There are many more examples. In its heyday before the development of the Olympic complex claimed its premises in 2007, Hackney-based Kingsway international Christian Centre (here) had 12,000 worshippers in its 4,000-capacity building every Sunday. So although Wilson is (a) a C of E bishop and (b) writing for the Guardian, surely these are inadequate excuses for him being so out-of-touch with on-the-ground Christian reality.)

But while Kohler’s robust comments rightly grabbed the headlines, Merkel’s were important too. “Our society lives on premises that it cannot create by itself,” she reminded the Christian audience, a statement which commentators recognise as based on the dictum of German legal philosopher Ernst-Wolfgang Bockenforde, that “the liberal secular state is based on normative premises that it cannot itself guarantee”.

Basically the argument is that only religion – Christianity – can create the ethical basis that modern secular societies depend upon to function. “On the one hand (the liberal secular state) can subsist only if the freedom it consents to its citizens is regulated from within, inside the moral substance of the individuals and of a homogeneous society,” wrote Bockenforde in his ‘Staat, Gesellschaft, Freiheit’ (here). “On the other it is not able to guarantee these forces of inner regulation by itself without renouncing its liberalism.”
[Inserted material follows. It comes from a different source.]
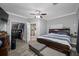 Serene main bedroom with a large bed and an ensuite bathroom at 538 Bamboo Ln, Clearwater, FL 33764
Exactly! Our democratic freedoms depend on their Christian undergirdings, and as the latter are eroded from public life so inevitably the former shrink too. The direct consequence is our burgeoning and increasingly illiberal nanny state where Big Sister knows best and replaces God; citizens are handbagged into line by progressively more intrusive laws, bureaucratic regulations and diktats from Brussels as well as Whitehall; fear and caution replace faith and optimism in public discourse; and, for example, freely consenting adult smokers are no longer allowed to get together to form a smoking club! The vital organs of our mature democracy – such as freedom of association – are being closed down. Liberalism is being renounced.

Regrettably despite his much-vaunted churchgoing, I don’t see David Cameron following Angela Merkel with a reminder of the necessity of Christianity for the health of our democracy.